▸ **Directions for this task**: Copy, word for word, the lines below from the one containing "Trendi Switch 2" up to and including the one containing "map of restaurants, bars, coffee", with pictures left out.

▸ **Source material**:
***

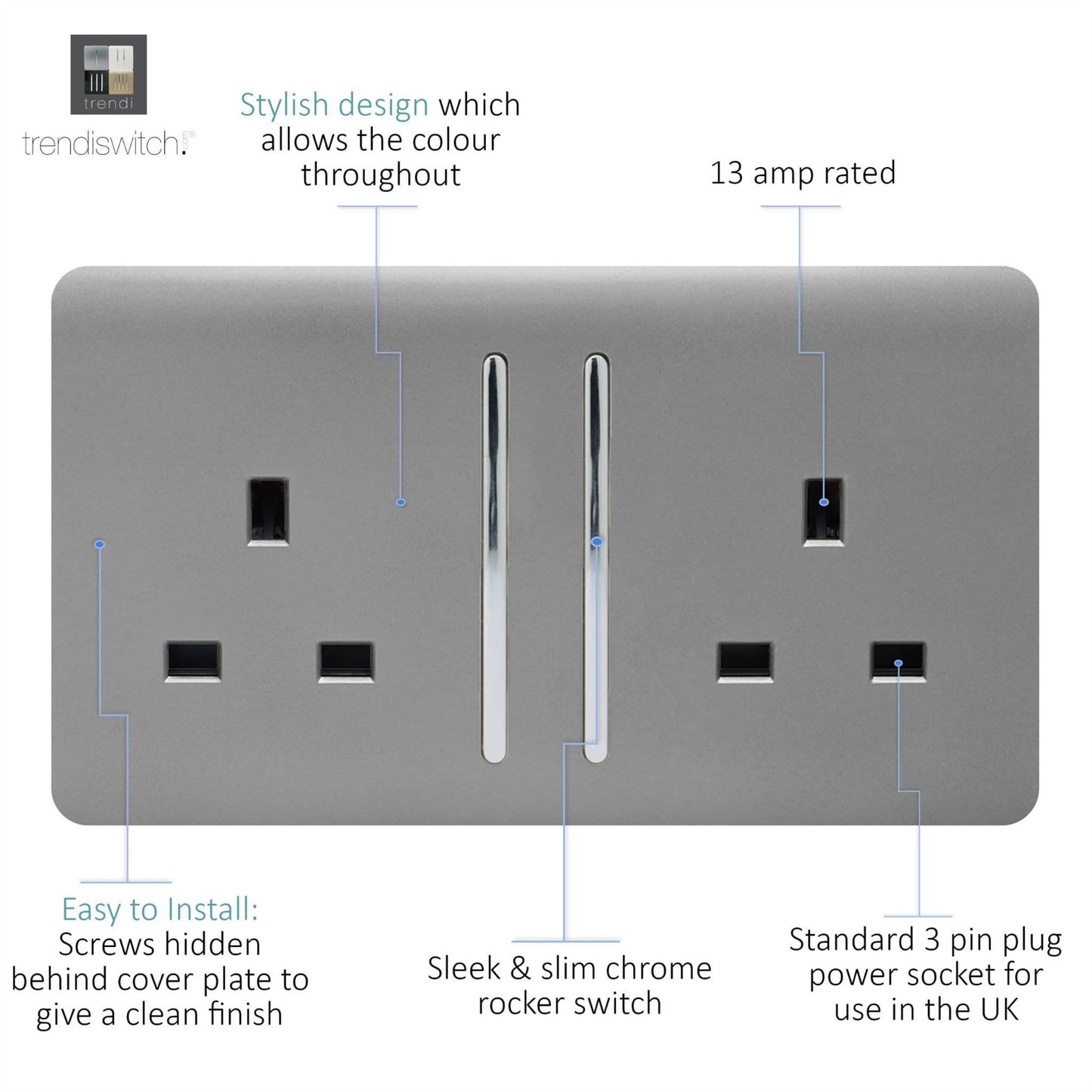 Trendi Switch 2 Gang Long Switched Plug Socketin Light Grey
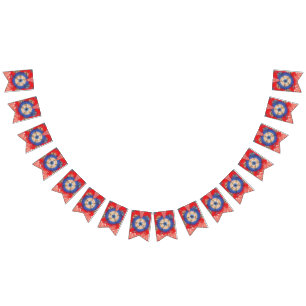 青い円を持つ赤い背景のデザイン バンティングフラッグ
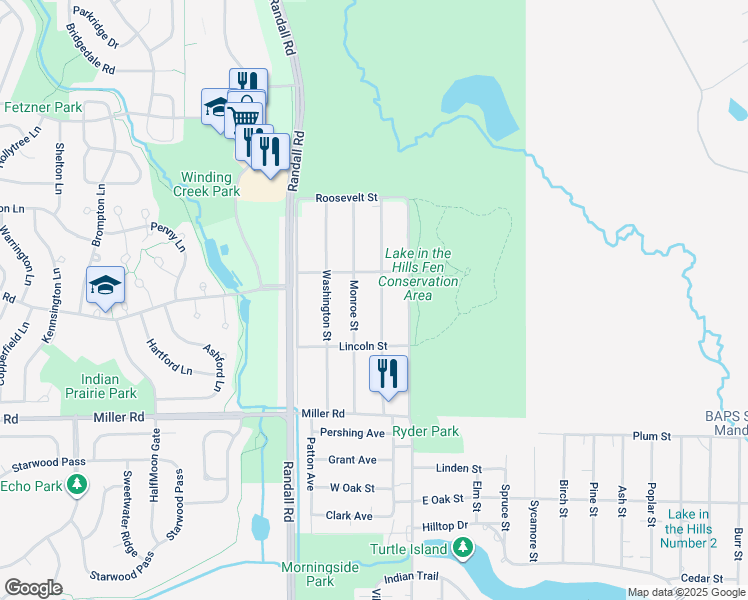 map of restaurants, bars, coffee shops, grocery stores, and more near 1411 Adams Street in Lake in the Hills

***

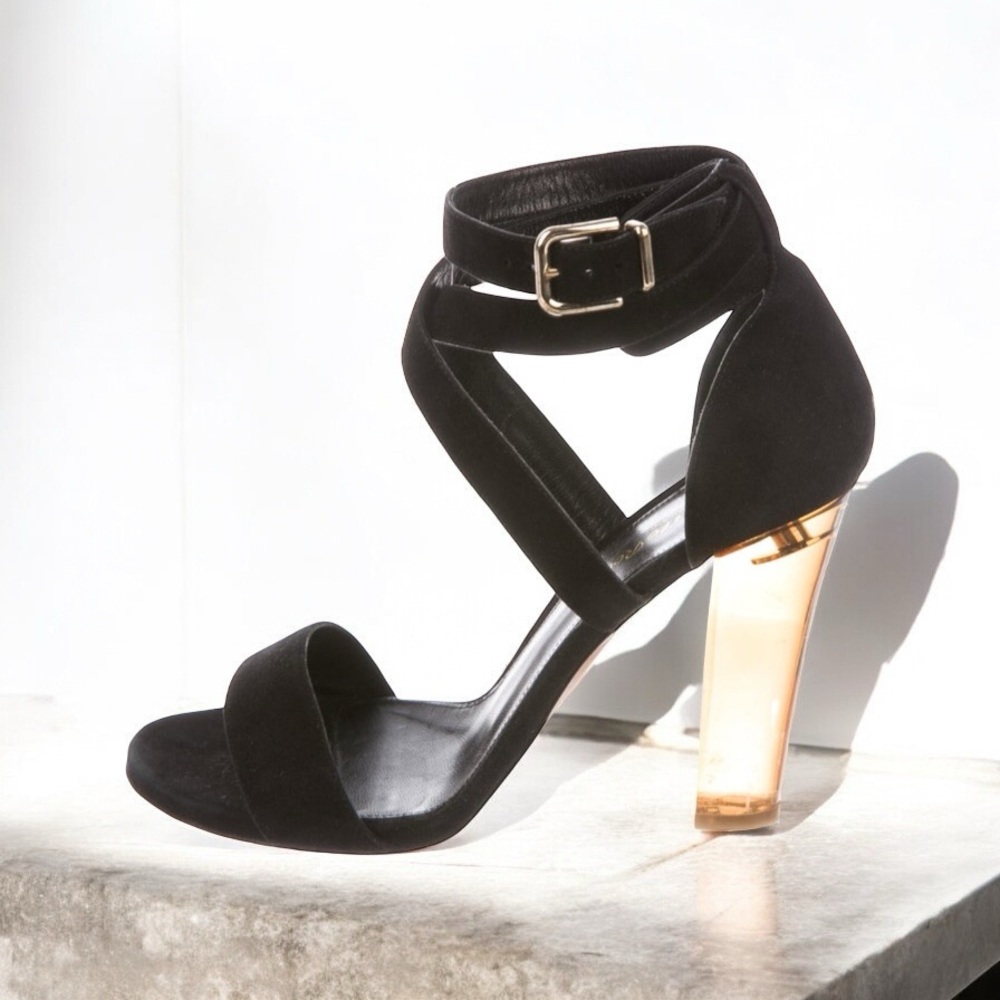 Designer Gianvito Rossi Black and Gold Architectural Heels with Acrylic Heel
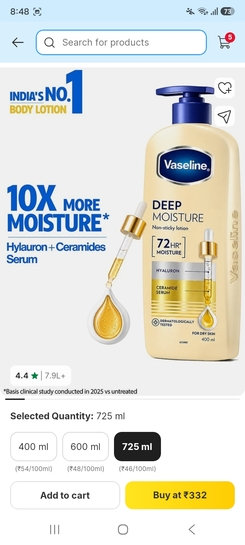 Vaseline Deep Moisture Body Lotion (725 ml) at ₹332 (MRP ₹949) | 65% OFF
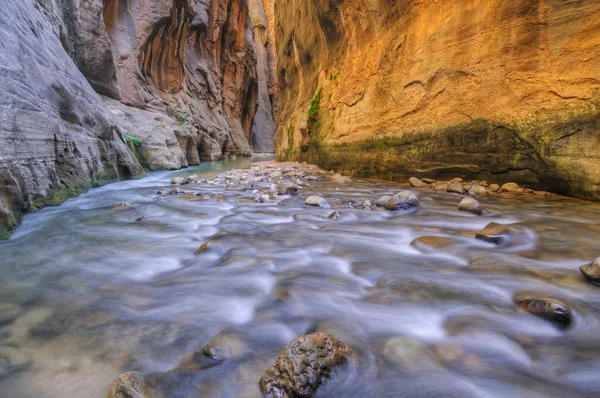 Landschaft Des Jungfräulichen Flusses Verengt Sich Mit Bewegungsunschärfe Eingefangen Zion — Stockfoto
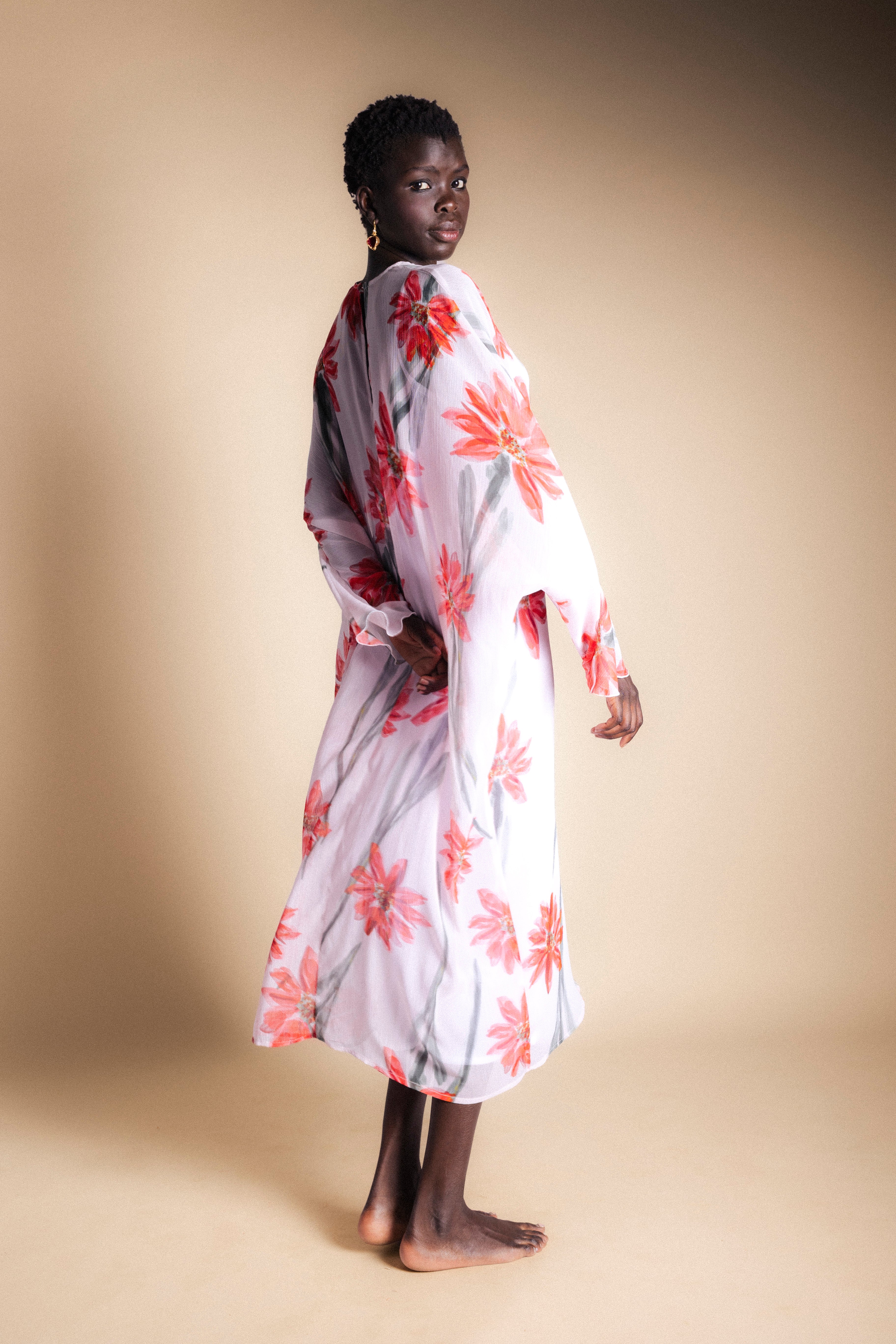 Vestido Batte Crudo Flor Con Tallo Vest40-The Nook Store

***

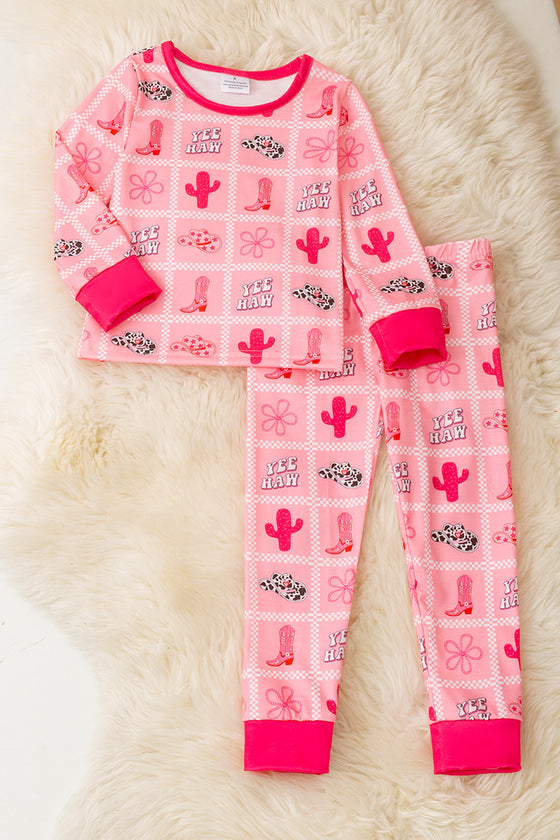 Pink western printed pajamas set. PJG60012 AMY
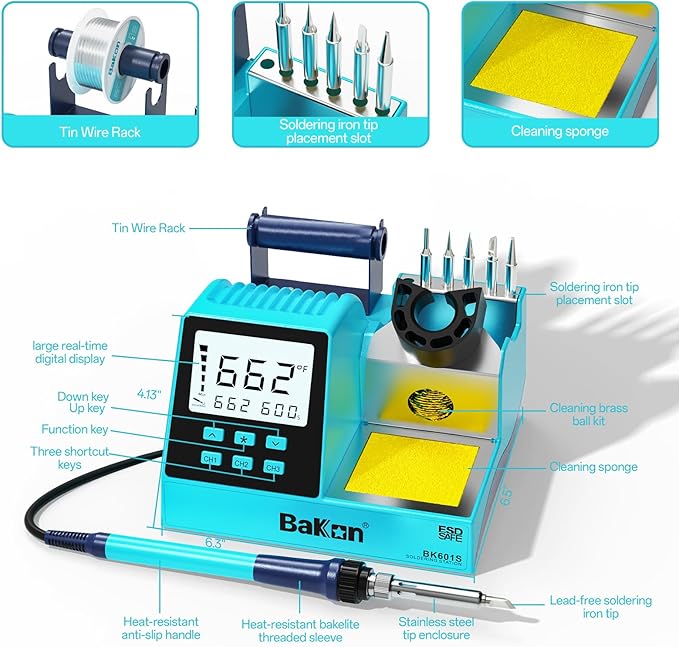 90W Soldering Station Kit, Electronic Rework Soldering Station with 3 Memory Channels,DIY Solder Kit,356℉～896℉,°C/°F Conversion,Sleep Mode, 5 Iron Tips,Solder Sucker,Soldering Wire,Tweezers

***

▸ **Exercise solution**:
 Trendi Switch 2 Gang Long Switched Plug Socketin Light Grey
 青い円を持つ赤い背景のデザイン バンティングフラッグ
 map of restaurants, bars, coffee shops, grocery stores, and more near 1411 Adams Street in Lake in the Hills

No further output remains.